Les critiques et attaques contre les juges ne sont pas nouvelles. Les affaires politico-financières ont toujours fait réagir les premiers concernés, quelque soit la couleur politique des personnes mise en cause. C’est fut le cas des différentes procédures concernant Nicolas Sarkozy, Jacques Chirac ou bien le financement du Parti socialiste dans les années 90 avec la petite musique d’un choix orienté des juges.
"La rhétorique du gouvernement des juges est ancienne. Il s'agit par là d'induire l'idée que les magistrats auraient un projet politique occulte. Or, ce ne sont que des fantasmes. Cette accusation est à géométrie variable. Et elle ne sert en réalité qu'à discréditer le travail juridictionnel", souligne Judith Albrecht, présidente du Syndicat de la magistrature.
Dans le dossier Marine Le Pen, comme d’autres affaires, les magistrats réfutent donc toute "instrumentalisation politique" de l’institution judiciaire."Les magistrats ne tirent leur prérogative que de la loi qui est votée par le législateur, c’est-à-dire le Parlement. Donc, non seulement, ils appliquent les lois, mais surtout, ils ont le droit de le faire parce qu'il y a des lois qui le prévoient. Ils sont absolument encadrés. Ils ne peuvent octroyer aucune prérogative et aucune liberté avec leur office juridictionnel", rappelle Judith Albrecht.

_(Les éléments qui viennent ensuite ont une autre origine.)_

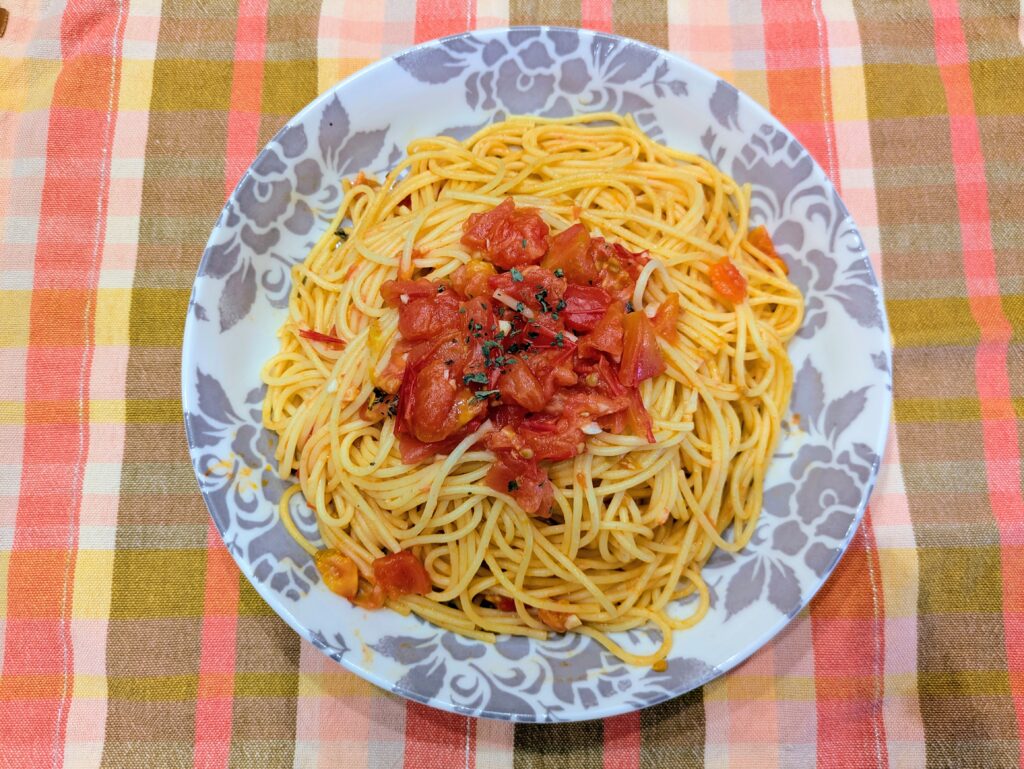 うるわしトマトのパスタ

Pour Ludovic Friat, le dossier des assistants parlementaires du FN ne fait pas exception : "La décision collégiale a été rendue à l'issue d'un très long débat judiciaire où chacun puisait ses arguments et il y a également eu plusieurs semaines de délibérés". Les magistrats doivent aussi motiver leurs décisions, dans le cas de Marine Le Pen, le jugement comporte 150 pages.

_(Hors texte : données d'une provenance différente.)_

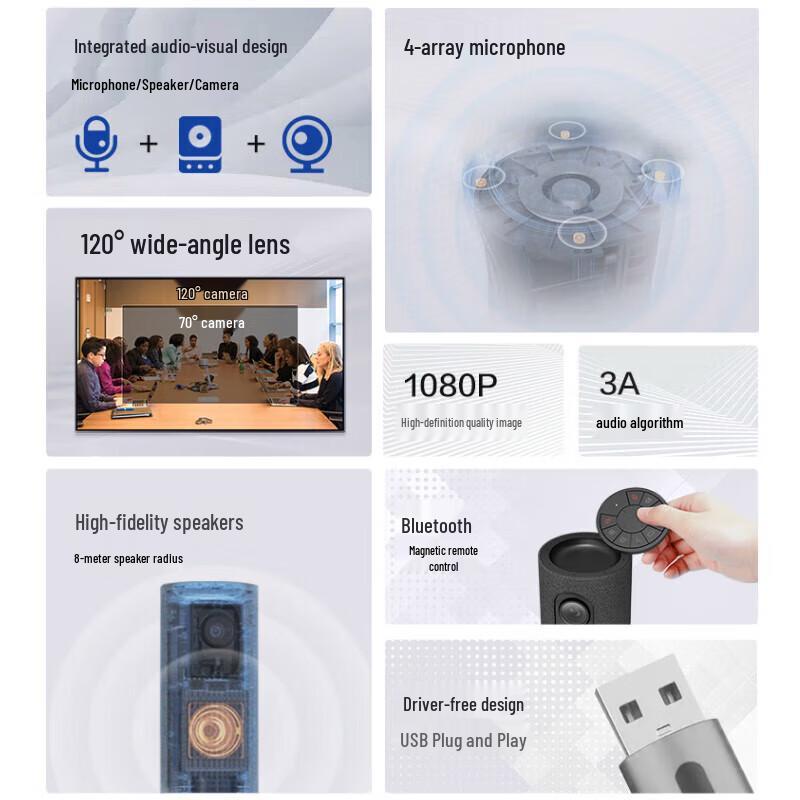 Hikvision V122 All-in-one Video Conference Camera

Ces attaques fragilisent toute une profession, mais elle inquiète aussi au delà dans le monde judiciaire, notamment certains avocats, attentifs à la montée d’un climat illibéral vis-à-vis de la justice, comme en Hongrie, en Israël ou aux États-Unis. "La décrédibilisation de l'institution judiciaire représente un danger", analyse Alexandre Lazaregue, avocat au barreau de Paris. "La justice garantit l'égalité des droits et lorsque vous martelez un discours sapant la confiance dans l'institution judiciaire, c’est toute la société et la démocratie qui deviennent vulnérables."